There simply aren't enough adjectives in the dictionary to describe the hidden jewels this beautiful South American country has been shielding from the rest of the world.

Yes, Argentina and Blighty might have form, and yes that form might still be simmering ever so close to the boil, thanks to recent exploits on Top Gear, but I can assure you every single person I've met has been nothing but utterly charming. These are amazing people, living in an amazing place.

We left the tiny conurbation of Tolar Grande, nestled in the bosom of the Andes at 3,600m this morning after a sweet cake and coffee breakfast to head north on to the Antoplato.

MINI Road Trip: Day Eight

MINI Road Trip: Day Eight

We rolled out in convoy into a Californian-like mountain range, all bubbling sandy rock, rolling like waves into the distance. Our 15 MINI Countrymans spread out like toy cars in God's own playground, sending huge plumes into the sky like jets taking off on a wet runway.

The track was sandy slate, battered for years by hoof and rubber. Deserted, desolate and stark, we plunged into a canyon that could have been plucked straight from Mars. The trail dipped and switched between huge rock formations, penetrating up from the ground. It was other-worldy, like a computer screen saver you swore was CGI, but now realise is real.

If the road had been paved, I'd have been in heaven. Tight twisting turns down the side of the clay rocks on a trail a giant had palette knifed into the contours of the cliff.

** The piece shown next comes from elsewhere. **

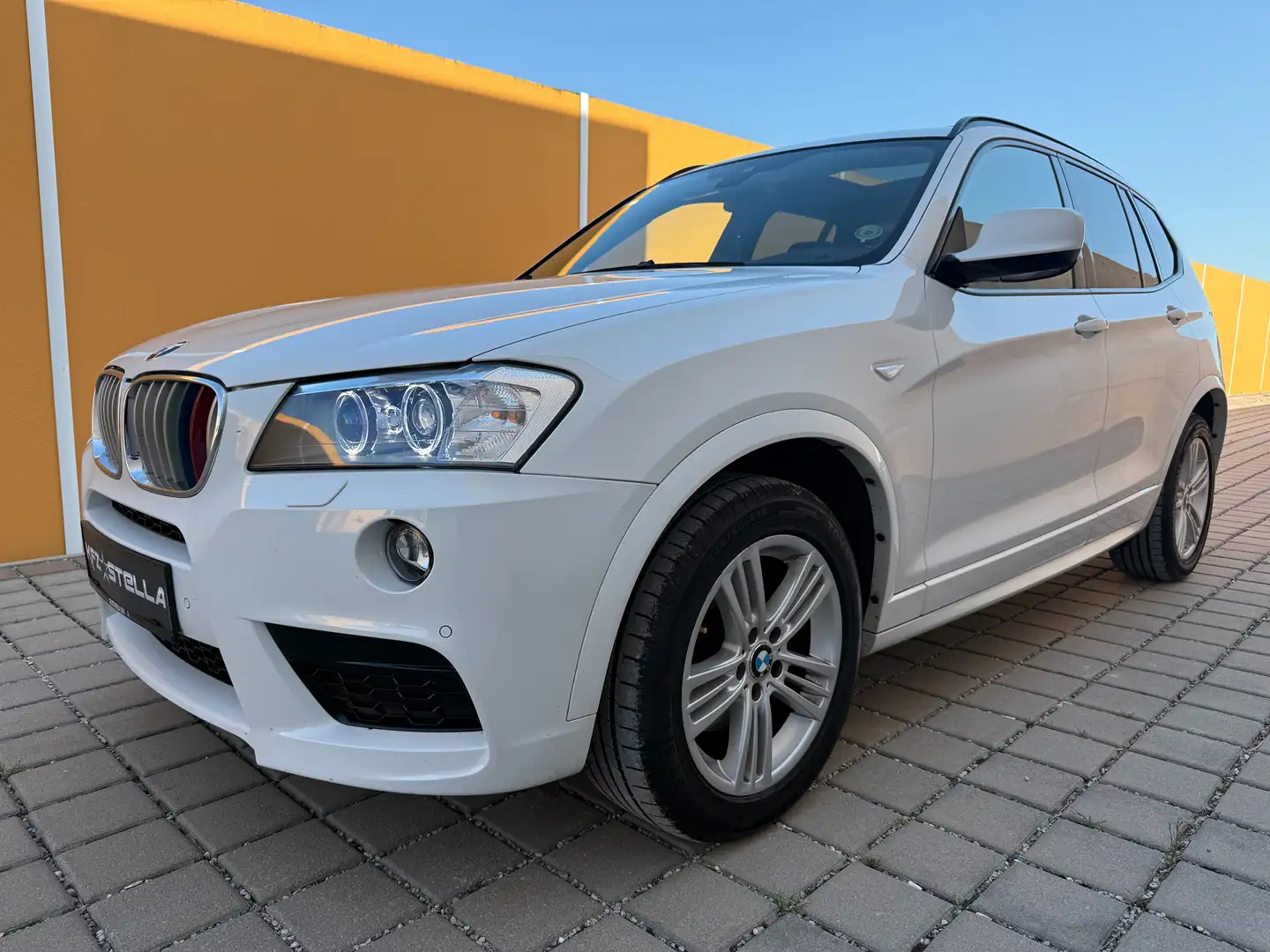 BMW X3 xDrive 30 d M-Paket / Pano Bianco - 1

Our MINI tackled the track in full attack mode and as Satsuma orange dust turned to White Cliffs of Dover chalk we started to enjoy our Countryman's four wheel drive. Wheel skipping in my hands, back end loose and floating I fishtailed my way towards a lunch stop in San Antonio de los Cobres.

I eat my first salad in days (even the beetroot, and I hate beetroot) and watch the high altitude winds whip clouds into cotton like streaks across the sky. A small boy with a baby llama walks over and offers a picture for two pesos (less than £1). I like his style, and his llama, so pay up.

The afternoon's route is aiming for a huge "salar", or salt flat. Unlike yesterday's, this one could be driven on. It's thick salty surface deep, crisp and hard - more than capable of affording us some fun.

The road there is long and horrendously dusty. In convoy it's lethal, a total white out, even huge anti-ice road truckers come out of nowhere, like oil tankers in the fog. It's scary stuff. We slow down to let the dust settle, but not enough. When we pull up for the group picture the Germans point at our tyre and laugh. It had finally succumbed to the battering.

I've no idea how long the Countryman's run flat tyre had been deflated - we didn't get a warning and the loose gravel masked the lack of handling. When we removed it the rear of the rubber was slashed to pieces. Around 10 holes peppered the circumference of the Bridgestone, all big enough to get a finger in. Scary.

Tyre changed, I ticked a box on the to-do list as I rolled onto the Salmos Grandes salt flat. Stretching for around 50km, its retina-ruining white stretches rolled out until they meet the clouds in the sky, only the distant Andes peaks of Talao give any sense of scale. Group picture bagged, we drive off in a 15-car wide line, all smiles and cameras. As an end piece, it was pretty special.

But then Argentina had one last card up her sleeve. The route from the salt flats to the final stop was quite simply the best road I've ever driven in my life. Part of route 52, the small bends on the map were in fact code for South America's winning hand in a game of trumps with Italy's Stelvio Pass.

We descend 2,000 metres in 30 glorious minutes. Tyres squeal on hairpin after hairpin, as we drop deeper and deeper into the valley. Corners are tight and well surfaced, the asphalt road works fresh.

I laugh like a mad man, my driving partner simply clings on and lets me get on with it. This was our MINI's swan song, an encore to the most epic of drives, a reward for a week on the rough. Engine stretched, brakes burning, rubber frying-pan hot, we park up at the last stop before we start two days of air travel home.

I can't help but give our little MINI a pat. What this little machine - on road tyres - has achieved this week is truly remarkable. If we'd been alone I'd have billed it a freak, but parked up next to it are 15 others. All equally – and incredibly – intact. Fair play MINI, fair play.